Investigators in future studies must adopt a standardized definition of pediatric fever after an influenza vaccination. “Our study demonstrates the variability in results which occur due to minor differences in the definition of fever, methods of analysis and reporting of results,” Jean Li-Kim-Moy, MBBS, of the University of Sydney, and colleagues wrote.
Dr. Li-Kim-Moy and colleagues analyzed pediatric datasets from three different clinical trials using trivalent influenza vaccine (TIV); the primary trial included 3,317 children aged 6-35 months who were randomized to receive Fluarix at 0.25 mL or 0.5 mL, or receive 0.25 mL of Fluzone. The other two trials studied children receiving TIV between 6 months–17 years and 3-17 years. The researchers also performed a multivariable regression analysis to determine the relationship between immunogenicity, antipyretic use, and postvaccination fever.

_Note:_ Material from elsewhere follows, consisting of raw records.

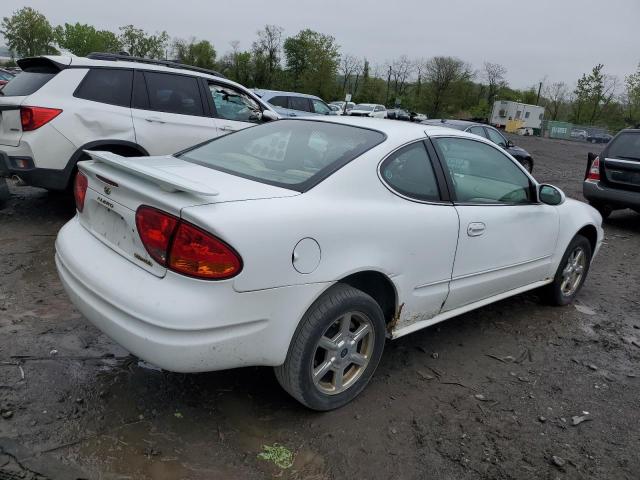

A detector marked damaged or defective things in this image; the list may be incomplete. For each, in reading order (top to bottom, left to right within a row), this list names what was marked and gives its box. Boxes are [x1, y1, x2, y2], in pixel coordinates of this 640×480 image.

damaged suv [0, 54, 276, 191] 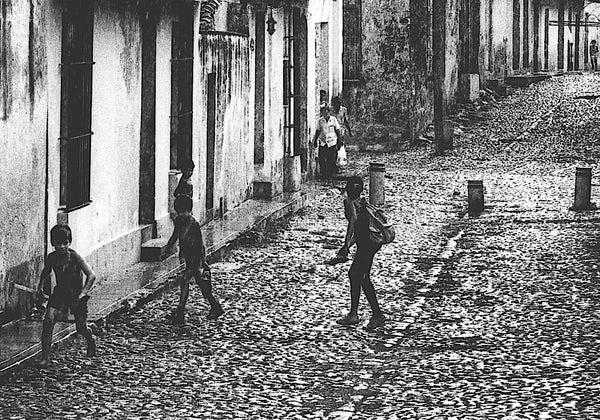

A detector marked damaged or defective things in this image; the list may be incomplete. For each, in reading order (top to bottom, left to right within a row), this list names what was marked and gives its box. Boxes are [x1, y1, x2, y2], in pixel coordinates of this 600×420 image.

peeling plaster wall [0, 0, 47, 324]
peeling plaster wall [197, 32, 253, 217] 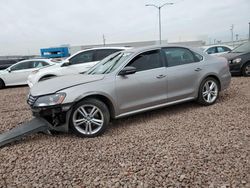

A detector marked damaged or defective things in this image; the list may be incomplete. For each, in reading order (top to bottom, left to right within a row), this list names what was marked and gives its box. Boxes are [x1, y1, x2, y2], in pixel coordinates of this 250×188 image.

dented hood [30, 74, 104, 97]
front bumper damage [0, 105, 72, 148]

The primary study initially reported the fever rate 0 days–3 days after vaccination was between 6% and 7%. After reporting the rate of fever separately for each dose and changing the criteria to “defining fever as greater than or equal to 38.0°C by any route of measurement” for the primary study, the researchers found a rate of any-cause fever was 3%-4% for the first dose and 4%-5% for the second dose. The rate of vaccine-related fever in the primary study was 3% for the first dose and 3%-4% for the second dose, with researchers noting vaccine-related fever occurred significantly earlier compared with any-cause fever (mean 1 days vs. 2 days after vaccination; P equals .04).
Impact of fever, antipyretics
The researchers also performed a pooled immunogenicity analysis of 5,902 children from all three trials and found a strong association between fever after vaccination and increased geometric mean titer (GMT) ratios (1.21-1.39; P less than or equal to .01) and an association between antipyretic use and reduced GMT ratios (0.80-0.87; P less than .0006).

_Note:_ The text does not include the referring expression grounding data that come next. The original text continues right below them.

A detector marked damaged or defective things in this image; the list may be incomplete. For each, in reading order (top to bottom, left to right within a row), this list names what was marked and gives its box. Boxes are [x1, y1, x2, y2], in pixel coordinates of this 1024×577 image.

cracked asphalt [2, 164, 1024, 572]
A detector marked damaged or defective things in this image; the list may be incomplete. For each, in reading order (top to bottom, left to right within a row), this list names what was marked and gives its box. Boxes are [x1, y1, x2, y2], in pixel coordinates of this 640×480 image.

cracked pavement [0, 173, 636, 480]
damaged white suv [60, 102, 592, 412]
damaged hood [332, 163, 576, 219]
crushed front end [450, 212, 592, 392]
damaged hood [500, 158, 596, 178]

“Our pooled analysis of the three trials demonstrated highly significant associations, for all strains, between postvaccination fever and up to 39% higher GMT;Similarly, strong evidence of associations in the opposite direction was found between postvaccination antipyretic use (days 0-3), adjusting for all other factors including fever, and decreased immunogenicity against all vaccine strains in children,” Dr. Li-Kim-Moy and colleagues said.
Antipyretic use was common in the primary study, occurring in one in six of the children, they said. These findings of “significant associations between fever and increased vaccine immunogenicity, and between antipyretic use and reduced immunogenicity in children after influenza vaccination” suggest the need for further study, especially because parents often give antipyretics if their children are febrile after vaccinations.
“There is uncertainty whether our findings, and those of others, on immunogenicity translate into clinically significant effects,” they wrote. “However, the fact that influenza vaccine, unlike many routine childhood vaccines, is only moderately protective may mean that modest reductions in antibody response are more likely to correlate to less protection.”